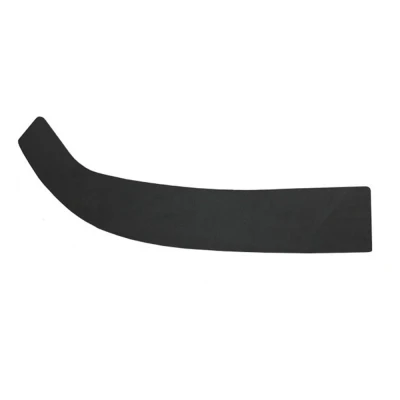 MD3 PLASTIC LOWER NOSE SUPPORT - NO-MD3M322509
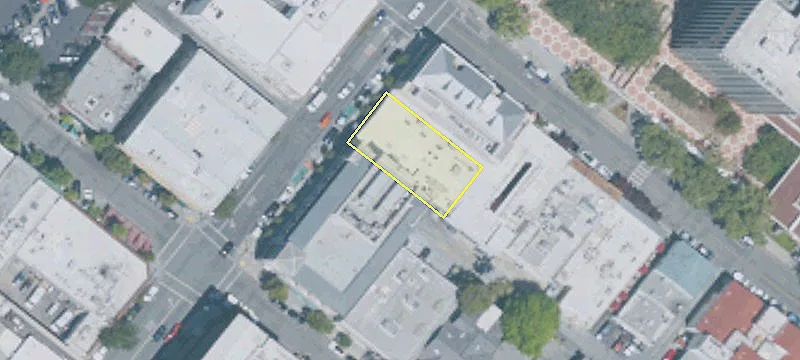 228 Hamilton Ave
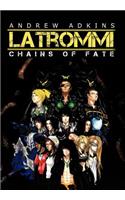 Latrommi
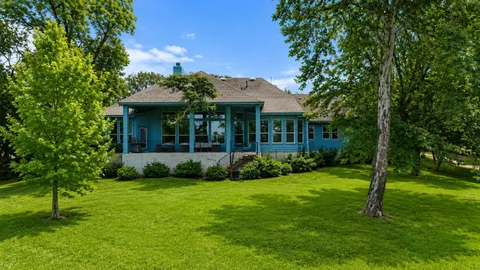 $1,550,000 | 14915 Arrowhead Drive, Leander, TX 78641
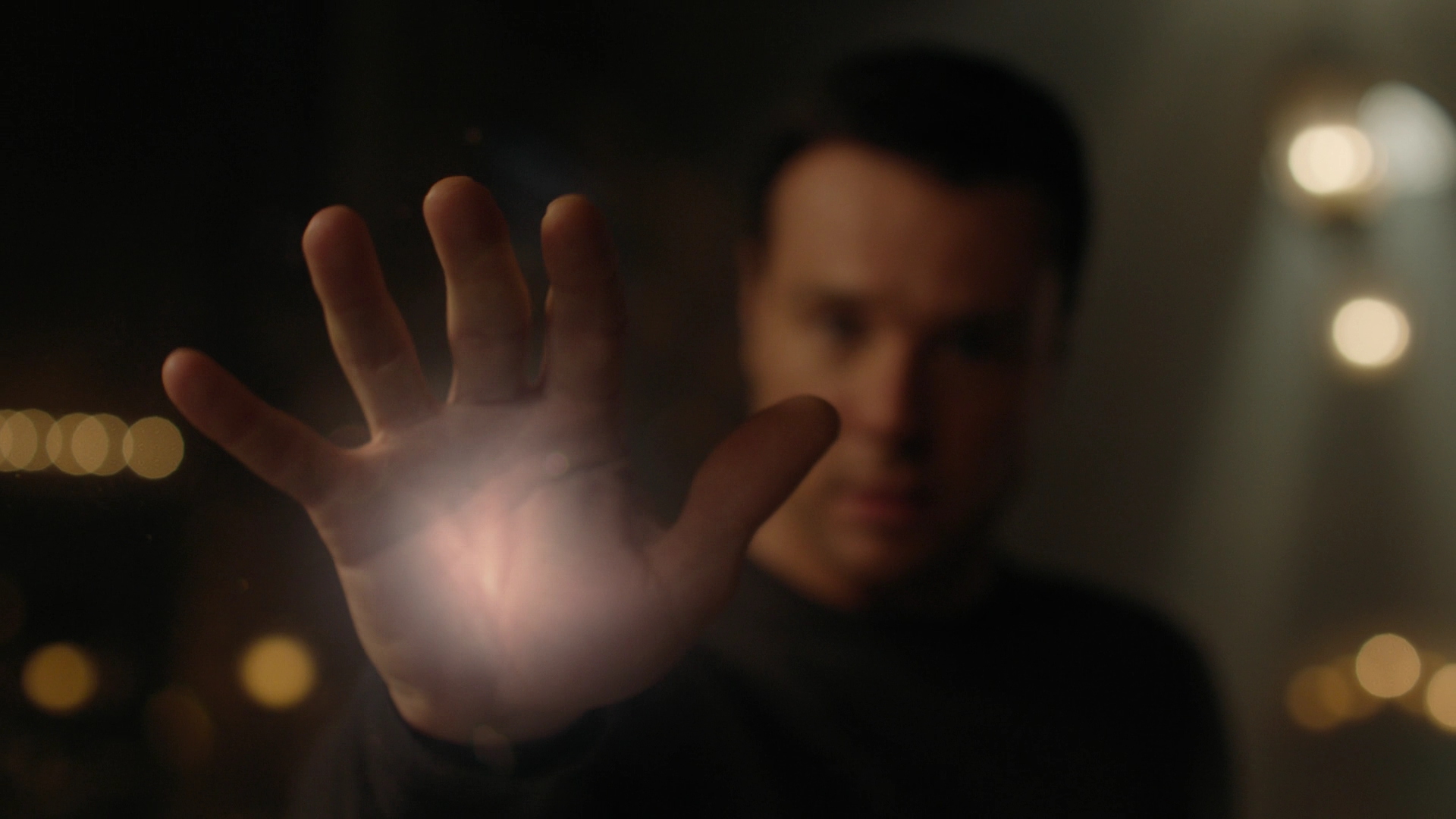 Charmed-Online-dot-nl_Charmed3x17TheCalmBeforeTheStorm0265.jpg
* * *
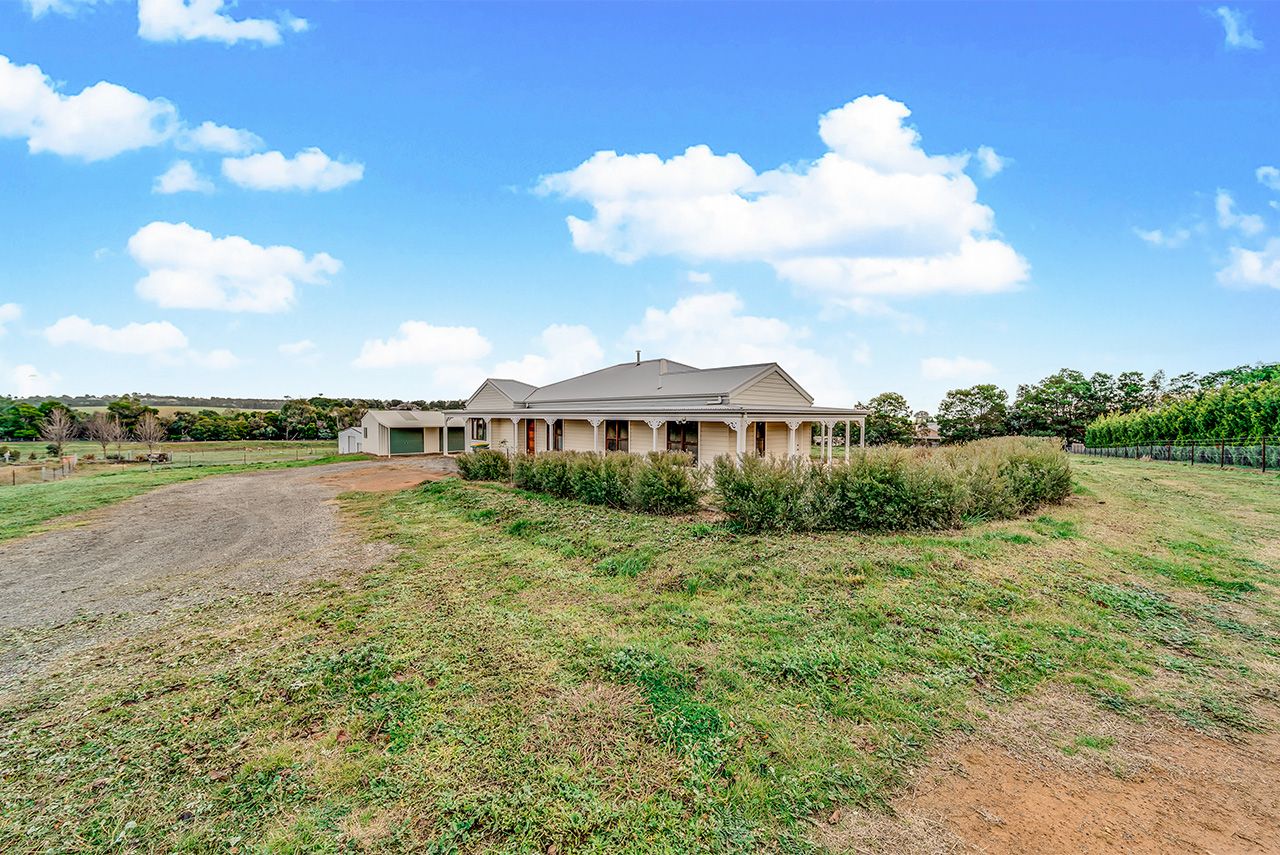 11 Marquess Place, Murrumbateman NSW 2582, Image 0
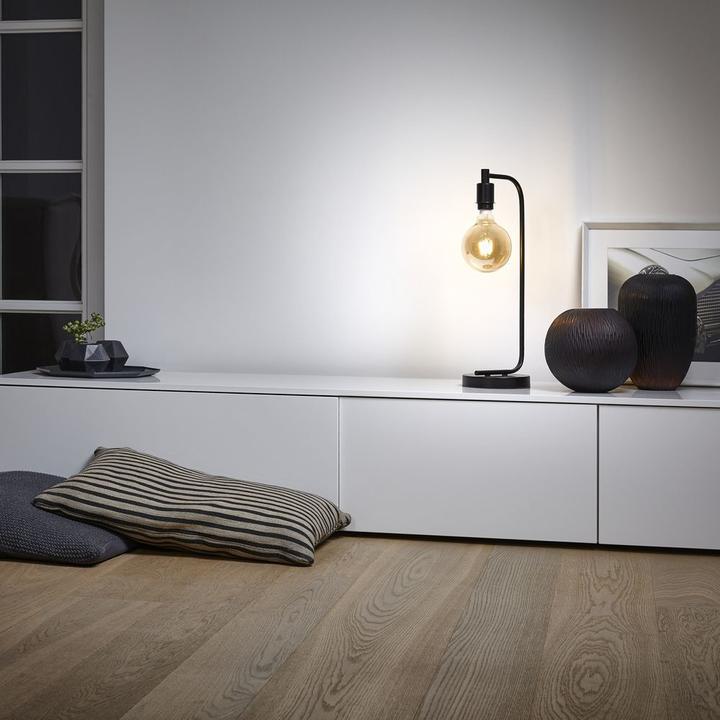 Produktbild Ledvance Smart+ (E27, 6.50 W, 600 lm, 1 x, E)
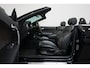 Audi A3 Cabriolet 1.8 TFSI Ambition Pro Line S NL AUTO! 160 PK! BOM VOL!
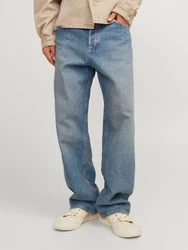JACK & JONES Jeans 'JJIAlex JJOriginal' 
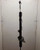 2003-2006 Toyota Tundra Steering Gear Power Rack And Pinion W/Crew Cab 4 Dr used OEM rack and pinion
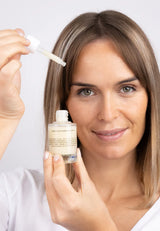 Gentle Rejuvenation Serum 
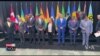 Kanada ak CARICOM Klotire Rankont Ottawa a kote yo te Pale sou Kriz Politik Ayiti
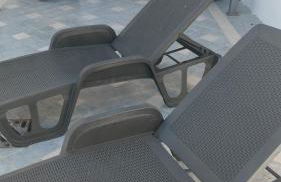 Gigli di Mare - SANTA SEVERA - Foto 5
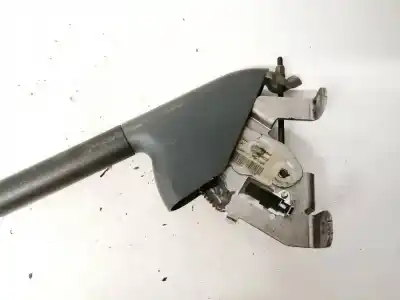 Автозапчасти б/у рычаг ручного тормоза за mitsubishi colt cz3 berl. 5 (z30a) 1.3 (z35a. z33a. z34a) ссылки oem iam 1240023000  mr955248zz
* * *
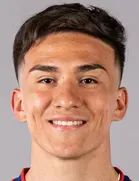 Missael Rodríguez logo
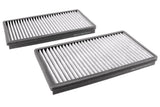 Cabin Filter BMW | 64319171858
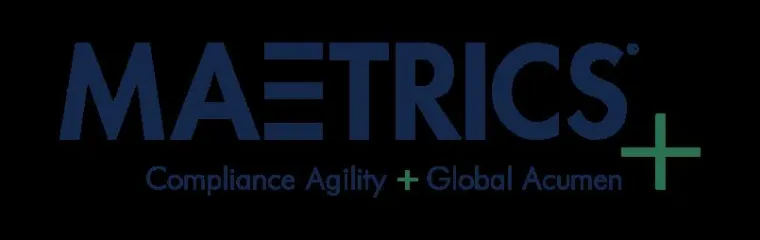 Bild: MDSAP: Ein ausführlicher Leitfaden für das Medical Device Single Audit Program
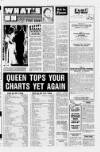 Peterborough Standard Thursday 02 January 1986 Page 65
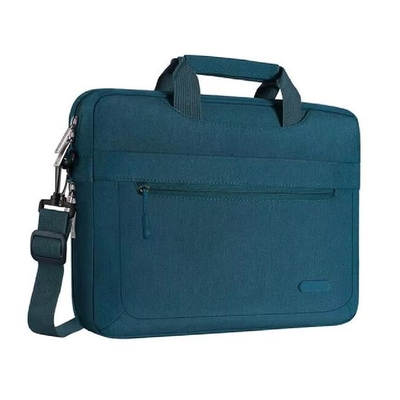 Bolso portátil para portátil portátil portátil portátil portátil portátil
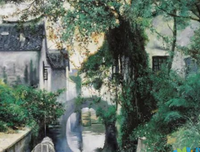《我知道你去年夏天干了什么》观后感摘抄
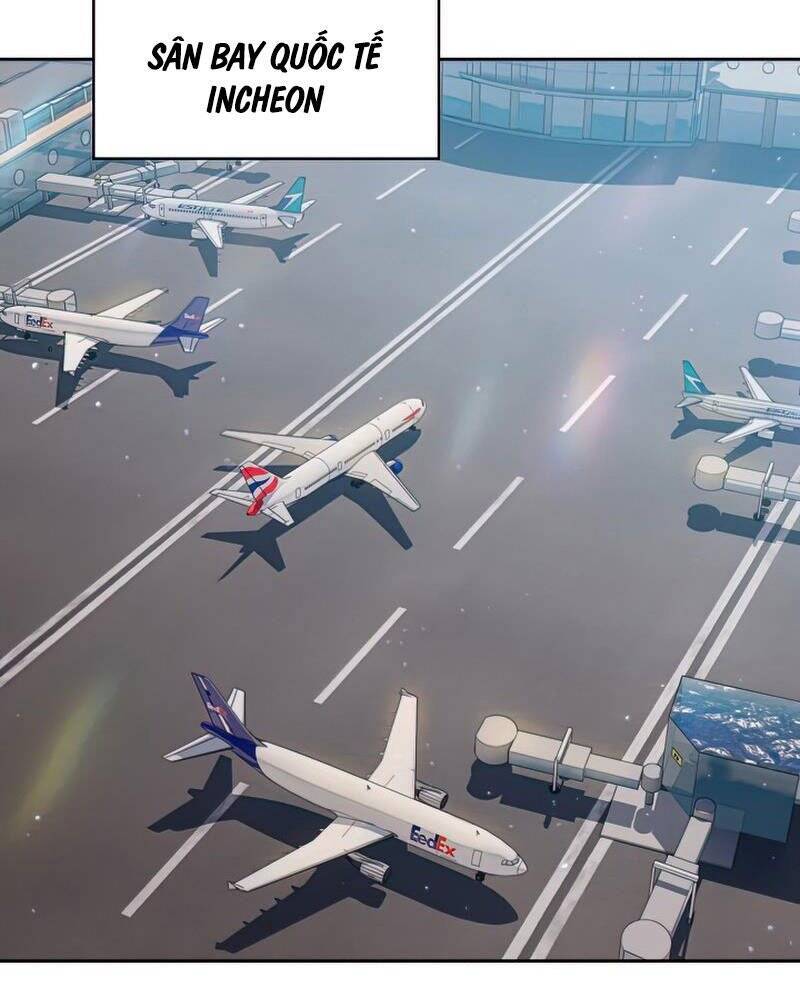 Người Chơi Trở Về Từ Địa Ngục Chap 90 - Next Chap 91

**What the exercise asks:** Copy out the lines above from the line containing "Kanada ak CARICOM" through the line containing "Автозапчасти б/у рычаг", exactly, and keep the pictures out.

**Written solution:**
 Kanada ak CARICOM Klotire Rankont Ottawa a kote yo te Pale sou Kriz Politik Ayiti
 Gigli di Mare - SANTA SEVERA - Foto 5
 Автозапчасти б/у рычаг ручного тормоза за mitsubishi colt cz3 berl. 5 (z30a) 1.3 (z35a. z33a. z34a) ссылки oem iam 1240023000  mr955248zz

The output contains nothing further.